Les repas de Gabriel
Dès la naissance et à chaque phase de changements, l'alimentation d'un bébé porteur de T21 peut être compliquée par l'hypotonie et par la configuration particulière de la bouche et de la langue. Téter - au sein en particulier - mastiquer, déglutir, sont des gestes que la majeure partie des bébés font sans qu'on se pose jamais la question de savoir s'ils y arriveront, mais ce n'est pas toujours aussi simple quand un chromosome surprise s'invite dans l'histoire.

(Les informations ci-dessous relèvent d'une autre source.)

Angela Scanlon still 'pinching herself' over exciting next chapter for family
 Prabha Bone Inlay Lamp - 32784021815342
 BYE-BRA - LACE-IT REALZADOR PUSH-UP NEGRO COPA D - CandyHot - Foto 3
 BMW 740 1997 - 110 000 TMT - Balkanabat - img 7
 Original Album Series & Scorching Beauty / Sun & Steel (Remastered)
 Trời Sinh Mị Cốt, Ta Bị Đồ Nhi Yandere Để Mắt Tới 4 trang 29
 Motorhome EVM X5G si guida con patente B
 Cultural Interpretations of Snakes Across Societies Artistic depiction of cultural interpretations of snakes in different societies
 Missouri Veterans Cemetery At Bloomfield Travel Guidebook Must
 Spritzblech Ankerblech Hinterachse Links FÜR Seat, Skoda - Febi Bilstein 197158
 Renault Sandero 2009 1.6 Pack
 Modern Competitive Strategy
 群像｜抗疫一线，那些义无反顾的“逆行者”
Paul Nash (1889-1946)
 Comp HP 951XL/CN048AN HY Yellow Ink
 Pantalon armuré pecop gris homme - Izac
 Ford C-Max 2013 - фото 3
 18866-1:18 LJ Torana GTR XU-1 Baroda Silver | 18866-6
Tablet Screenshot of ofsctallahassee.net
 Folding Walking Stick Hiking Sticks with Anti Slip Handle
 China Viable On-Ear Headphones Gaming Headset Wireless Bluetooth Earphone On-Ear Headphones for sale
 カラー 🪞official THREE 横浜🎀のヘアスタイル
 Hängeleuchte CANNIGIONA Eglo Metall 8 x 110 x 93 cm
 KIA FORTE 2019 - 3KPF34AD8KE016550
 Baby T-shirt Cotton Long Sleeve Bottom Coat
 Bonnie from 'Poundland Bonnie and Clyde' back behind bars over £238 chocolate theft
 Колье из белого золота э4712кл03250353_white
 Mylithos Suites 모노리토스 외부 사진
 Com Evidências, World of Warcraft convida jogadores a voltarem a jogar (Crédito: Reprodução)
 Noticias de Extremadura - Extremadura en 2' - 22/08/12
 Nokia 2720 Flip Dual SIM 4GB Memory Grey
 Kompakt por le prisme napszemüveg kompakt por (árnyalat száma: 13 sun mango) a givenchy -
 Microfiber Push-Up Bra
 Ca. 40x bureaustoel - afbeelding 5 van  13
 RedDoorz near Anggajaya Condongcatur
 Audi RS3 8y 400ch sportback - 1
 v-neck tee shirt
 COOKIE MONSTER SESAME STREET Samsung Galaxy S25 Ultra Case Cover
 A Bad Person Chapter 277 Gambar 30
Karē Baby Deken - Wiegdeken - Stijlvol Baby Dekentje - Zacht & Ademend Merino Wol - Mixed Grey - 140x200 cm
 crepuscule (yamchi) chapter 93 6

Gabriel a su téter tout de suite. Il est né sans péridurale au terme d'un travail très court, ce qui est idéal pour la mise en place de l'allaitement. Il ne nécessitait pas d'être sans arrêt stimulé ou réveillé comme c'est souvent le cas pour les bébés hypotoniques. Il a juste peiné un peu au moment de la montée de lait, mais j'avais connu ça avec les trois aînés, et le probleme s'est résolu de lui-même au bout de quelques jours. Cerise sur le gâteau, je n'ai eu absolument aucune douleur aux seins - sans doute une succion un peu moins puissante que ses aînés, qui m'avaient chacun offert des crevasses jusqu'au sang la première semaine.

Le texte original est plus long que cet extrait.